__EXERCISE OBJECTIVE__: Without the pictures, write out all the lines below exactly as they appear.

__THE DATA__:
= Beginning of Section =

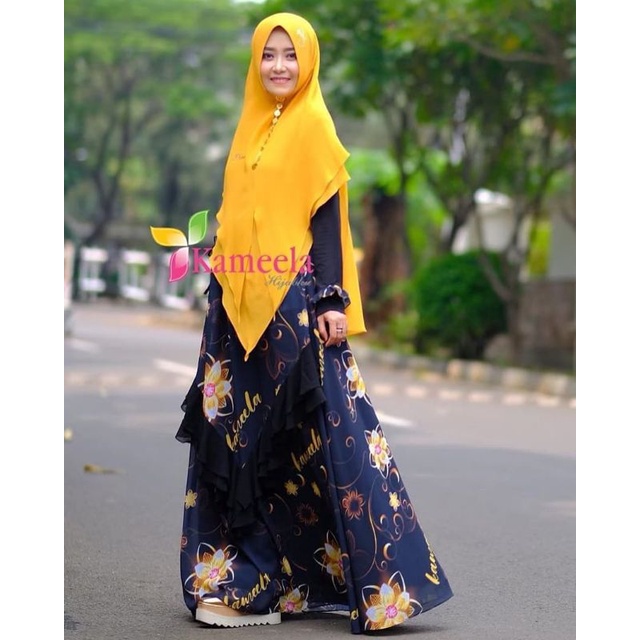 Preloved SPARKLING IN THE DARK SET Original By Kameela Hijabku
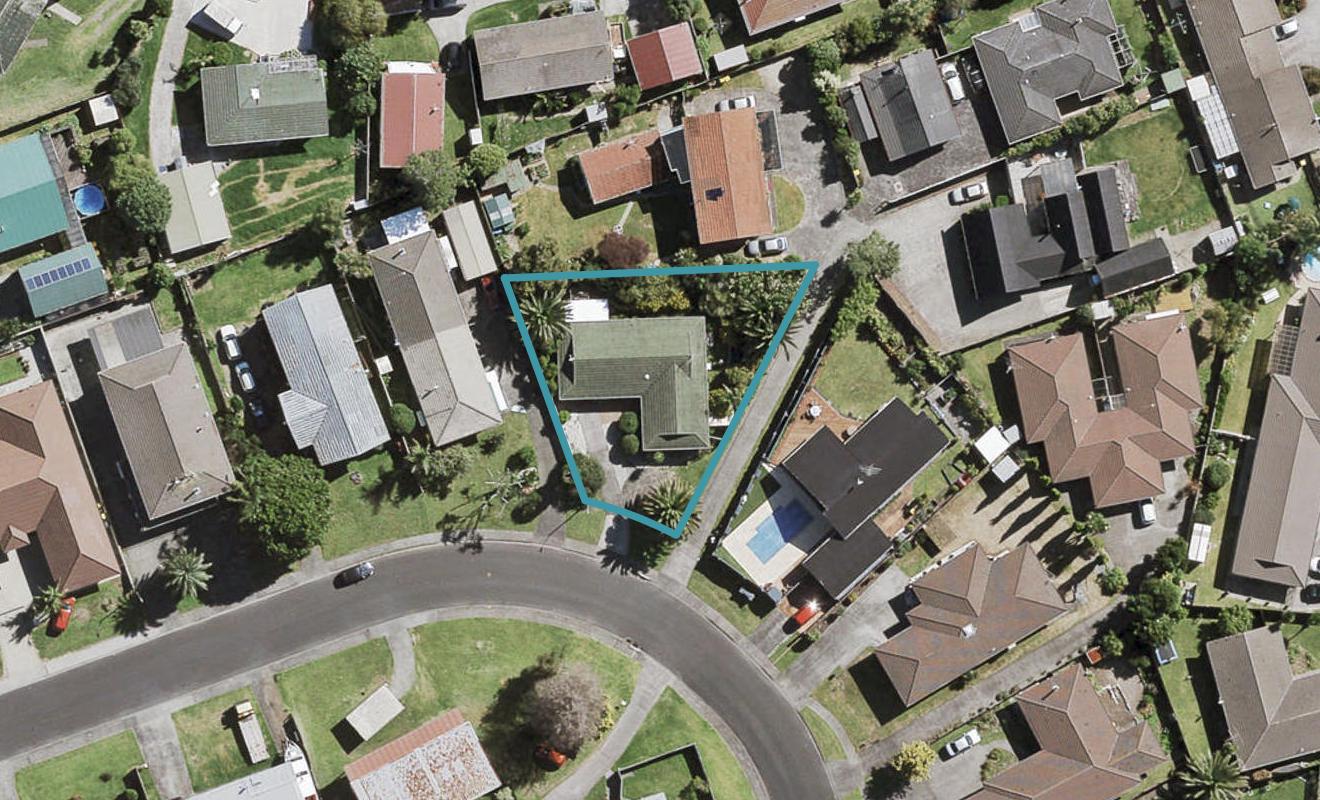 12 Frank Evans Place, Henderson, Auckland - Carousel 1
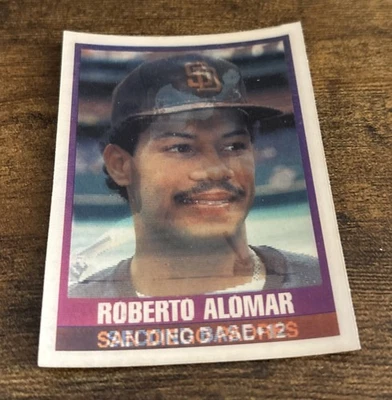 1989 SPORTSFLICS #20 Roberto Alomar San Diego Padres Triple Action Magic Motion - Image 1 of 4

= End of Section =

__SOLUTION TO THIS TASK__:
 Preloved SPARKLING IN THE DARK SET Original By Kameela Hijabku
 12 Frank Evans Place, Henderson, Auckland - Carousel 1
 1989 SPORTSFLICS #20 Roberto Alomar San Diego Padres Triple Action Magic Motion - Image 1 of 4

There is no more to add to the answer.